Philip Pinckney did not survive the war; he was killed in action in Italy in 1944. Of the chances of success of "Airthief", Jeffery Quill recently commented, "_Provided we could get to the aircraft with its engine running, get the German airman out of the cockpit dead or alive and get me into it, I thought I had a 50-50 chance of getting back to England. As to the early part of the operation I was not qualified to have a view and I was guided entirely by Philip who seemed very confident and I would just have done what he said. He ws obviously relying on stealth - and perhaps we might have got away with it. Philip was always evasive about his own plans for getting back.

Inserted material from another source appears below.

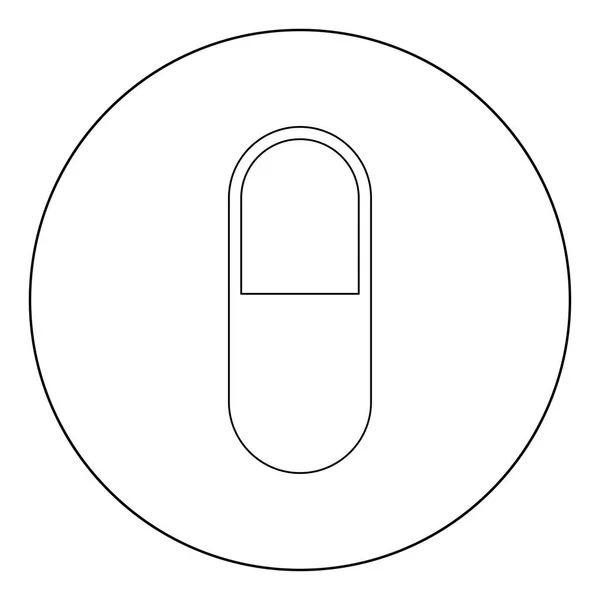 Pille Symbol Schwarze Farbe Kreis Vektor Illustration — Stockvektor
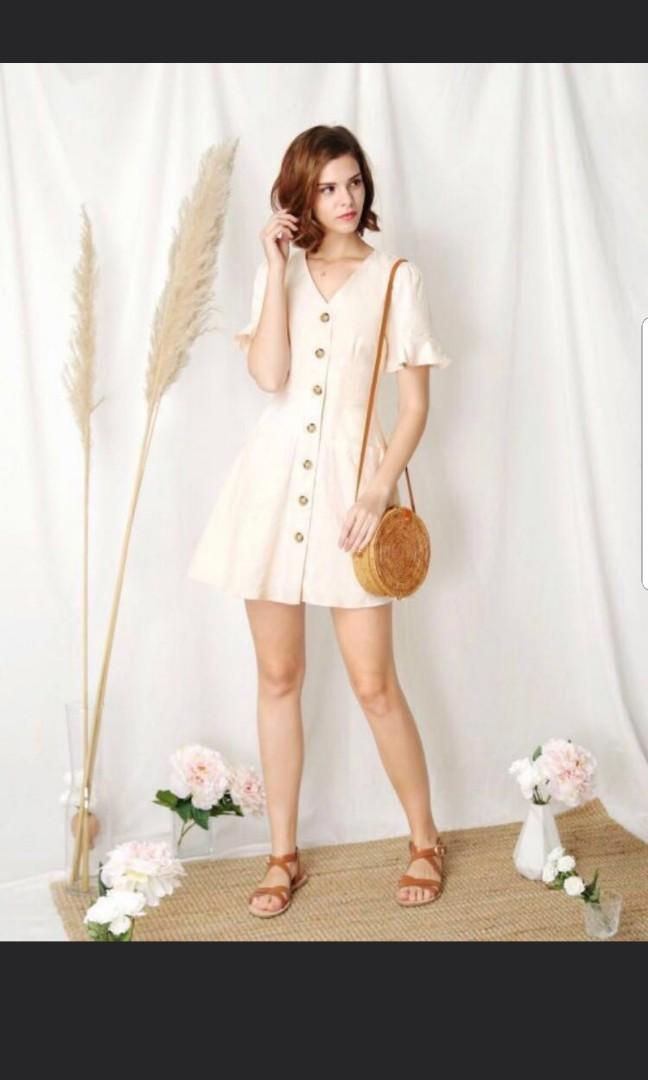 beige button down dress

I had a splendid way of getting back by air, but it was a very different kettle of fish for him. But he was very resourceful and might well have made it, one way or another, provided I had got the aircraft off the airfield without too much of a hue and cry._
_Anyway it was a non-event, as it turned out. Philip Pinckney was the inspiration behind the whole thing. Had it succeeded it would have been 90% due to him and the balance of danger would have been heavily against him. I think he was bitterly disappointed when it was called off and he was quite cross about the German pilot landing in Wales. I am afraid I have to confess to a certain easing of tension within my guts!"_


----------



## Arsenal VG-33 (Jan 22, 2008)

Very interesting! Had this happened, successfully or not, it would have been made the basis for a great movie!

I do have a question though: Didn't the Germans take contingency plans to prevent just this sort of thing? While I do not have my sources at hand, I do recall reading how the Germans, by allowing the Vichy French airforce a few number of planes, carefully regulated the amount of fuel recieved by each aircraft to prevent it's pilot from flying the required distances for defecting to the Allies. 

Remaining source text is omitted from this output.